Exercise aim :: Set every record down verbatim and omit the pictures.

Supplied material ::
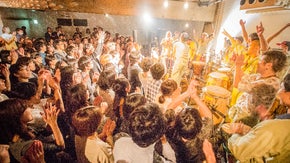 世界初のパーカション演奏法&ldquo;ボンバスタイル&rdquo;を日本で広める為の音楽プロジェクト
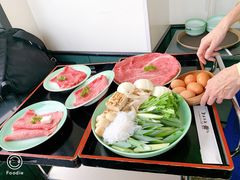 寿喜烧-モリタ屋(JR京都伊势丹店)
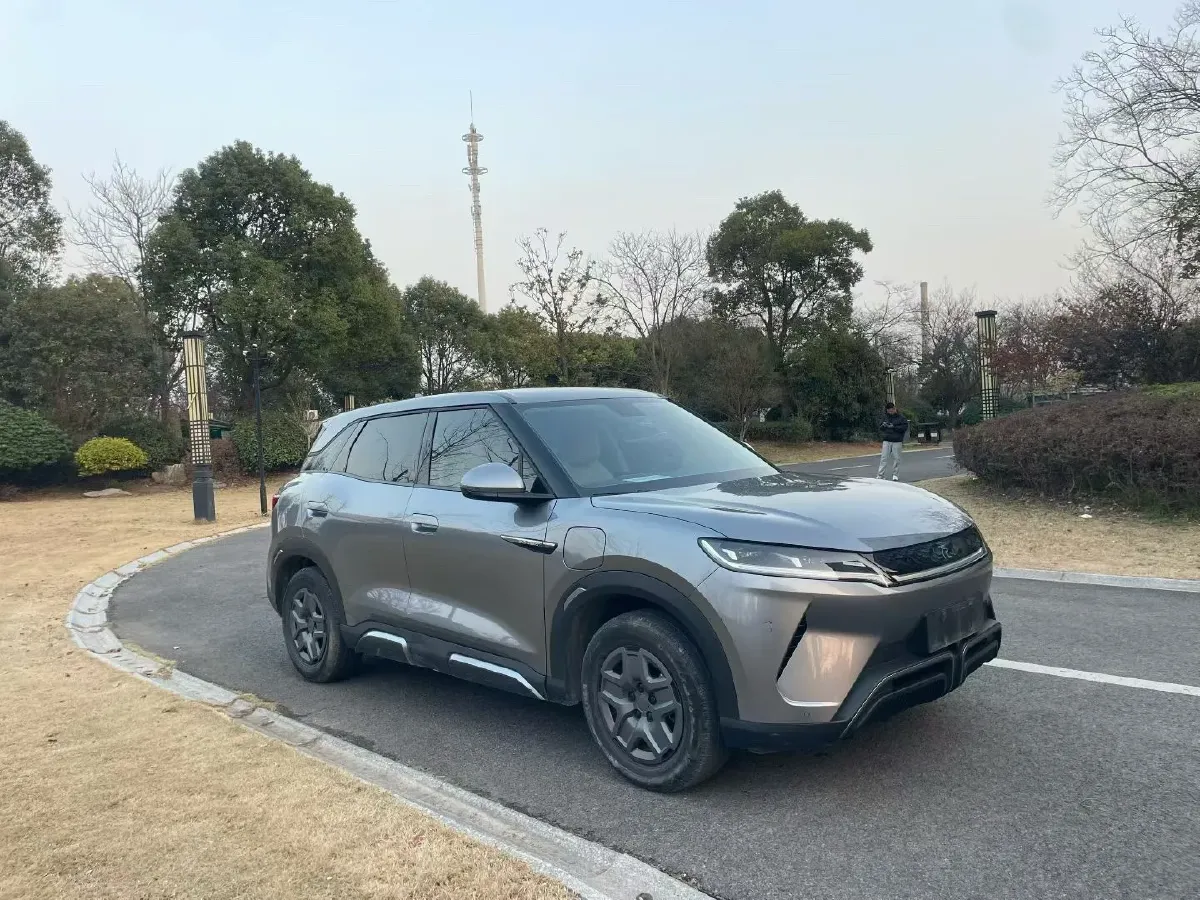 2024 BYD YuanUP BEV 45.12KWH,autocango,china used car exporter,china ev exporter,chinese used car exporter,chinese used ev exporter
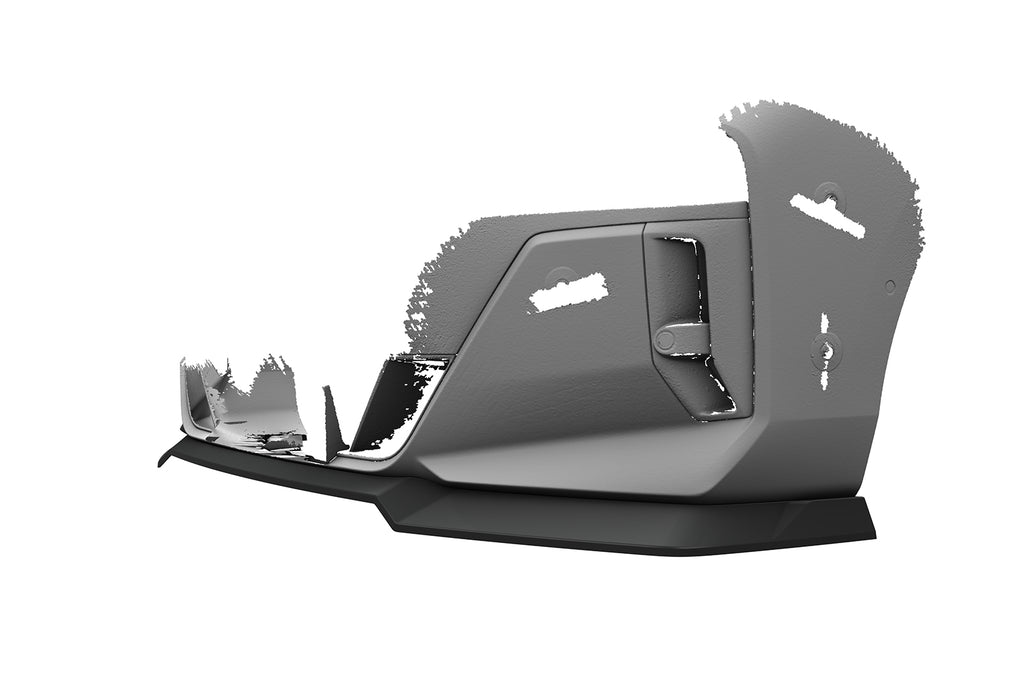 CSR Frontspoiler | Cup-Spoilerlippe mit ABE für BMW 7er G70 / i7 G70 CSL861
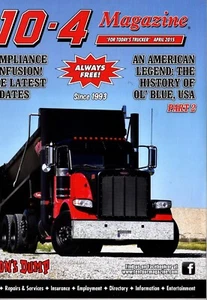 Cargador 10-4.4/15. Camiones de la costa oeste. Peterbilt, Kenworth, Freightliner. - Imagen 1 de 10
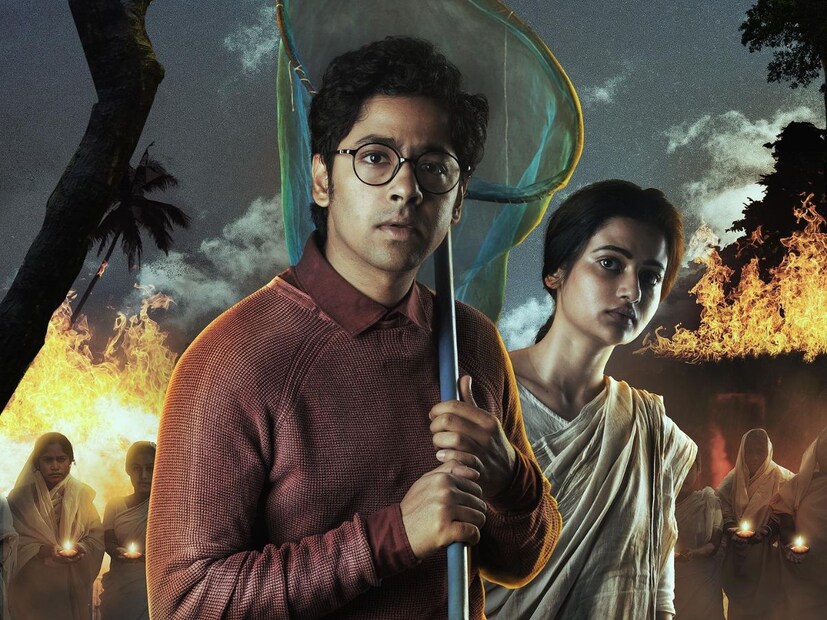 এছাড়া দেখতে পারেন 'সুন্দরবনের বিদ্যাসাগর'। সুন্দরবনের বিধবাদের নিয়ে ব্যবসা ফেঁদে বসেছে একদল ক্ষমতাশালী লোক। সেখানেই এসে পড়ে একটি ছেলে, সেও এক বিধবার প্রেমে পড়ে যায়। তাঁদের দুর্দশার কথা জানতে পেরে, তাঁদের হয়ে লড়াই শুরু করে। ঋদ্ধি সেন, উষসী রায় রয়েছেন মুখ্য ভূমিকায়।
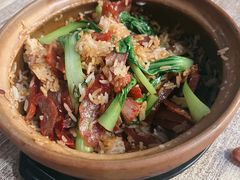 腊肠叉烧煲仔饭-壹煲口福煲仔饭(中山路店)
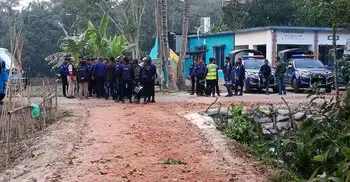 মাদারীপুরে দুই পক্ষের সংঘর্ষ, ককটেল বিস্ফোরণ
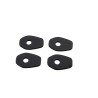 Placas de montaje para intermitentes HIGHSIDER Indy Spacer (impresas en 3D) - motoscamaralweb.com
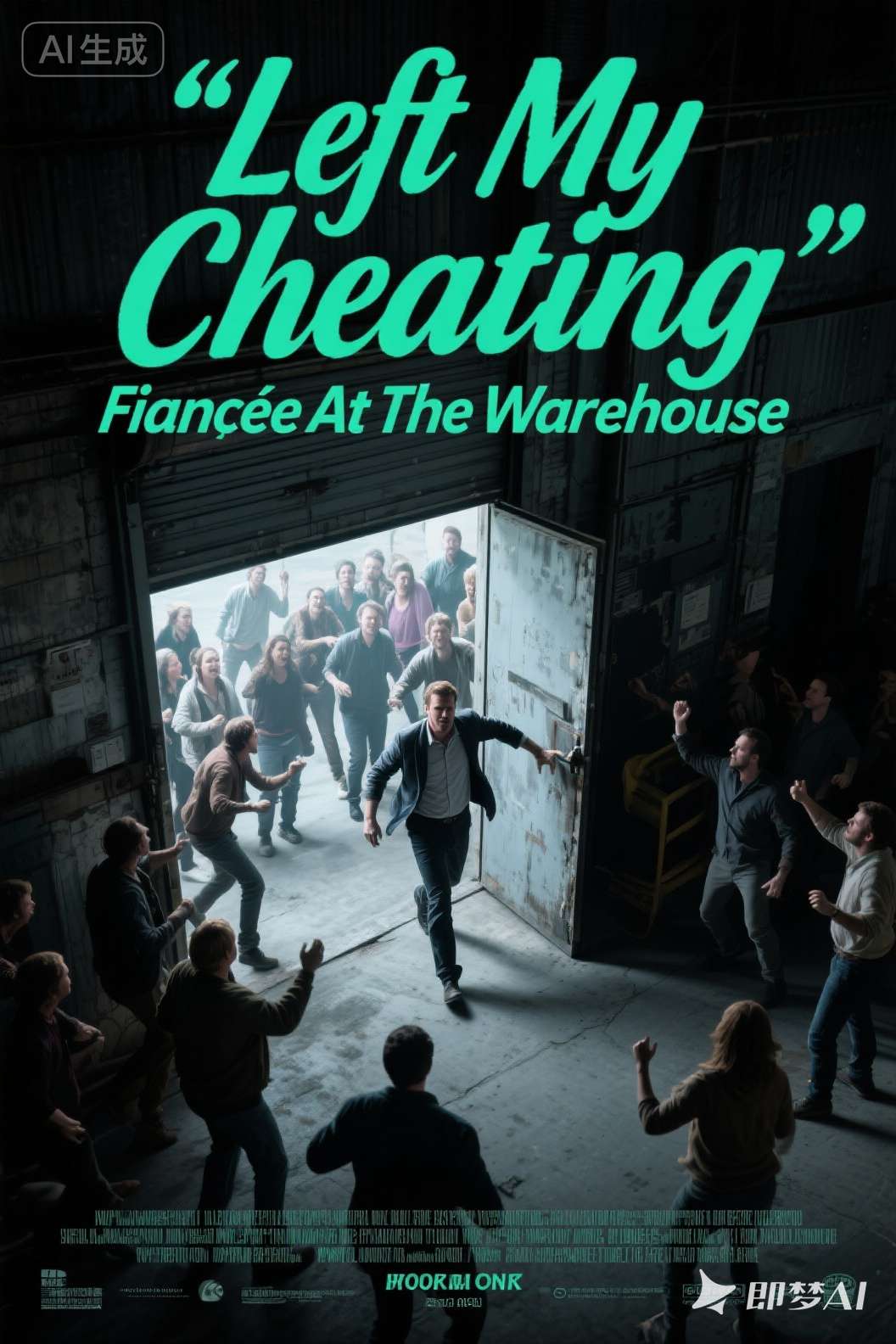 Left My Cheating Fiancée At The Warehouse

Expected answer ::
 世界初のパーカション演奏法&ldquo;ボンバスタイル&rdquo;を日本で広める為の音楽プロジェクト
 寿喜烧-モリタ屋(JR京都伊势丹店)
 2024 BYD YuanUP BEV 45.12KWH,autocango,china used car exporter,china ev exporter,chinese used car exporter,chinese used ev exporter
 CSR Frontspoiler | Cup-Spoilerlippe mit ABE für BMW 7er G70 / i7 G70 CSL861
 Cargador 10-4.4/15. Camiones de la costa oeste. Peterbilt, Kenworth, Freightliner. - Imagen 1 de 10
 এছাড়া দেখতে পারেন 'সুন্দরবনের বিদ্যাসাগর'। সুন্দরবনের বিধবাদের নিয়ে ব্যবসা ফেঁদে বসেছে একদল ক্ষমতাশালী লোক। সেখানেই এসে পড়ে একটি ছেলে, সেও এক বিধবার প্রেমে পড়ে যায়। তাঁদের দুর্দশার কথা জানতে পেরে, তাঁদের হয়ে লড়াই শুরু করে। ঋদ্ধি সেন, উষসী রায় রয়েছেন মুখ্য ভূমিকায়।
 腊肠叉烧煲仔饭-壹煲口福煲仔饭(中山路店)
 মাদারীপুরে দুই পক্ষের সংঘর্ষ, ককটেল বিস্ফোরণ
 Placas de montaje para intermitentes HIGHSIDER Indy Spacer (impresas en 3D) - motoscamaralweb.com
 Left My Cheating Fiancée At The Warehouse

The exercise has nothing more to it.